Cet article est paru initialement sur le site du journal Le Devoir.

À l’occasion de la campagne électorale fédérale, Andrew Scheer et Maxime Bernier ont affirmé que les émissions de gaz à effet de serre du Canada étaient faibles à l’échelle mondiale, notamment en comparaison avec la Chine. Ils utilisent cet argument comme prétexte pour rejeter la responsabilité des changements climatiques sur les gros émetteurs.
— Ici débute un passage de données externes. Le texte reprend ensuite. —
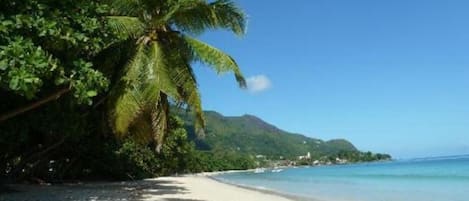 Playa en los alrededores 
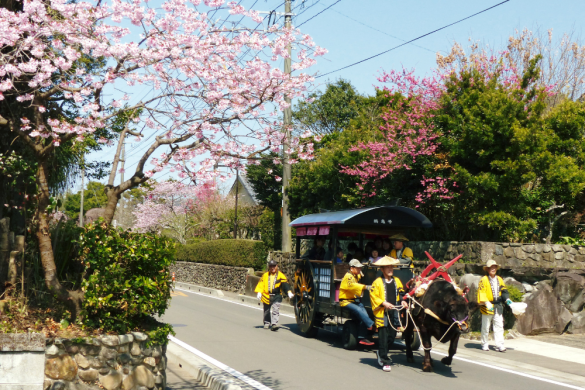 【2024】第11回寒緋桜を見におじゃんせ-1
Cette position est-elle justifiée ? Que disent les faits ?

En 2017, les émissions de CO2 du Canada représentaient un peu moins de 1,6 % des émissions mondiales tandis que la Chine en émettait 27 %. En ce qui concerne les prélèvements de ressources naturelles, un autre impact environnemental majeur, ceux réalisés au Canada représentaient 1,5 % des matières extraites à l’échelle mondiale et la Chine 36 %. Dans l’absolu, donc, la pression environnementale du Canada sur la planète est faible et celle de la Chine élevée.
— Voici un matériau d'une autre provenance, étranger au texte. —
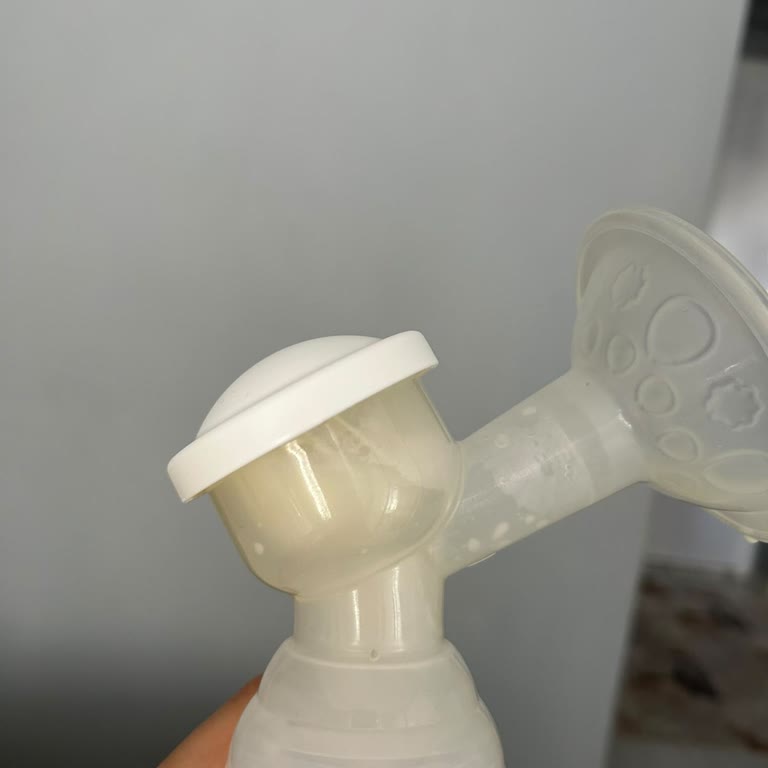 Mamajoo Süt Pompası Arızası, Uzun Servis Süreci Ve Verilmeyen Geçici Pompa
Mais se baser sur ces chiffres pour tenter d’amoindrir la responsabilité du Canada dans la réduction de l’empreinte environnementale mondiale est un raisonnement fallacieux. D’autres aspects doivent être considérés. Premièrement, si la Chine est le pays qui a l’impact le plus élevé, le Canada arrive, lui, en 10e position sur quelque 200 États, donc très haut dans le classement malgré des valeurs faibles en apparence.

Ensuite, les indicateurs caractérisant l’empreinte des nations ne peuvent être considérés sans les rapporter aux populations. On obtient alors des valeurs par personne ou per capita qui s’avèrent plus pertinentes. Ainsi, les émissions de CO2 du Canada étaient de 15,6 tonnes per capita (tCO2 / cap) en 2017 et ses prélèvements de ressources naturelles de 37 tonnes per capita (t / cap). Pour la Chine, les valeurs sont respectivement de 7 tCO2 / cap et 22 t / cap. Ainsi, alors que le Canada occupe les 14e et 11e rangs en termes d’émissions de CO2 et de prélèvements de ressources par habitant, la Chine se place loin derrière, respectivement en 52e et 24e position. Le portrait est donc tout autre que ce que d’aucuns aimeraient nous faire croire… Par habitant, l’impact de la Chine reste modéré, tout au moins temporairement.
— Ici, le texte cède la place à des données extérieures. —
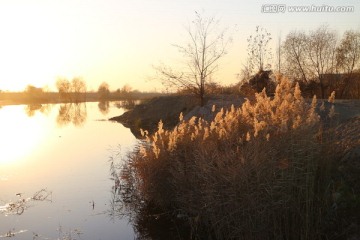 河边芦苇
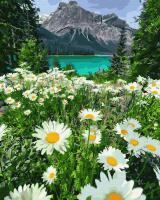 Картина за номерами. Brushme "Ромашки у гір" GX29451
Mais ce n’est pas tout. Les pays développés ont une responsabilité historique particulière dans la dégradation planétaire. Ils utilisent des ressources naturelles, de l’eau et émettent du CO2 depuis les débuts de l’ère industrielle, surtout depuis le début du XXe siècle. Des indicateurs pertinents à considérer qu’il conviendrait de considérer sont donc les prélèvements ou les rejets accumulés historiquement.

Cet exercice a été mené pour les ressources qui ont été stockées sous forme de « capital manufacturé ». Il s’agit de tous les matériaux qui ont permis de fabriquer les infrastructures, les bâtiments et les biens d’une société au fil du temps. Si on considère seulement les prélèvements intérieurs de ressources, la Chine ne représente que 17 % des extractions mondiales sur la période 1950-2010 alors qu’aujourd’hui elle représente, on l’a vu, 36 % des extractions annuelles. La tendance est inverse pour l’ensemble formé par l’Europe et l’Amérique du Nord. Ces États ont généré 29 % des extractions entre 1950 et 2010 et prélèvent aujourd’hui près de 17 % des ressources.

La Chine et d’autres pays connaissent un développement fulgurant. Ils réalisent ce que les pays développés dont le Canada ont fait avant eux, c’est-à-dire tirer partie de la nature pour prospérer économiquement et matériellement. Le rythme de consommation des pays développés ne montre pas d’essoufflement. Nous avons une responsabilité historique de réduire notre empreinte écologique.

La Terre étant de dimensions finies, certaines ressources sont limitées. De même l’est la capacité des écosystèmes de se renouveler et d’absorber la pollution. Les scientifiques l’expliquent : les quantités de CO2 à émettre sont comptées. Les prélèvements annuels de matières et d’eau doivent également être réduits de manière draconienne. Ces contraintes concernent toutes les nations, mais les pays développés doivent réduire leur impact environnemental plus que les autres afin de permettre aux pays en développement d’atteindre un niveau de vie acceptable.

Les politiciens ne devraient pas tenir des discours tendancieux qui laissent croire que nous n’avons pas de responsabilité d’agir. Leur dessein est clair : justifier l’inaction. Mais les données scientifiques expriment le contraire et soutiennent une action de grande ampleur de la part du Canada.